All this is to say that I haven't felt truly overwhelmed in a long time.
Until this week. The details are trivial in and of themselves. It was their timely conspiring that felled me. And so I found myself parking my car in the lot of a grocery store where I'd intended to shop and sobbing noisily into the steering wheel. The ugly cry that Claire Danes has perfected in the TV series Homeland, you know the one: hiccuping breaths, squinchy eyes, puffy red cheeks, snotty nose. A look even less pleasing on an adult than it is on a child. A woman settled herself into the car facing mine, and her gaze met mine, briefly. She smiled, not unsympathetically, and I was grateful, both for the flash of understanding I saw there and for her seeming respect for my privacy.
I called my husband, and I was blubbering, but he listened, and said the right things (things that reminded me: We have known each other for over twenty years, and those two decades, they do matter), and offered to do the right things, and there I was, grateful again, both to be known, really known, and to have a number I can call when I fall apart. More than one number, in fact: how lucky am I! My thumb, my baby quilt, my bedroom closet: two of these are lost to me, and the other is not the comfort object it once was. But at the other end of the line, a person who gets me, and in spite of all the petty grievances is willing to catch me should I stumble. When you think about it, isn't that why we marry?
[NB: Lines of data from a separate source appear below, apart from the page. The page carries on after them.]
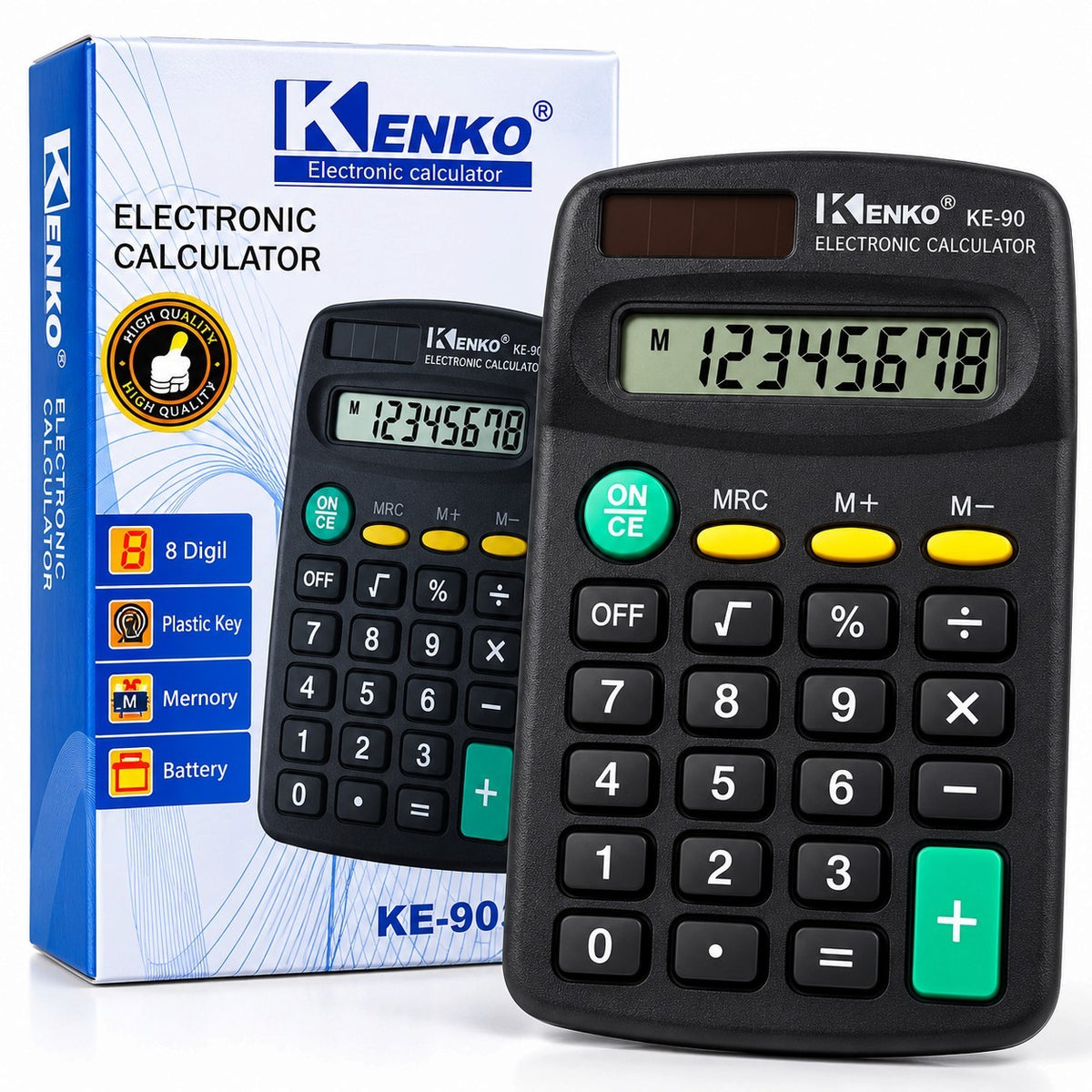 Calculator Electronic 11x6cm Kenko KK-402, 8 Cifre Design Clasic cu Memorie și Baterie Engros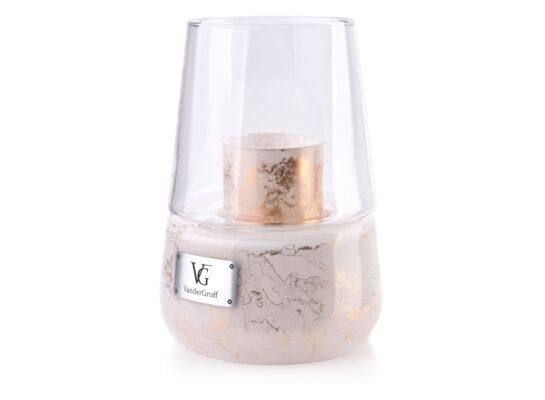 Lampion CRISTIE 25 x 18 cm biały marmur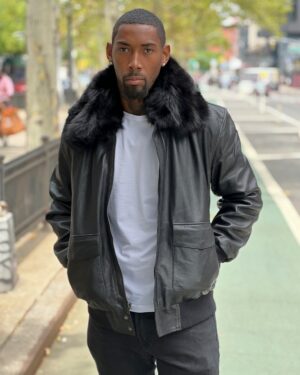 Men's DaRucci Black Leather Flight Bomber Jacket with Fox Fur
And so what I am grateful for, on this Thanksgiving, is that I am known, through periods of strength and frailty, and that my partner does not turn away but towards.
With that comes my wish that you might feel the same about a person in your life, someone who will gather up your pieces and sew you whole again, no matter how crooked the seam. And if there's no such person, may there be a stranger in another car, observing you not with indifference but with love. An empath. Yes, may there be an empath.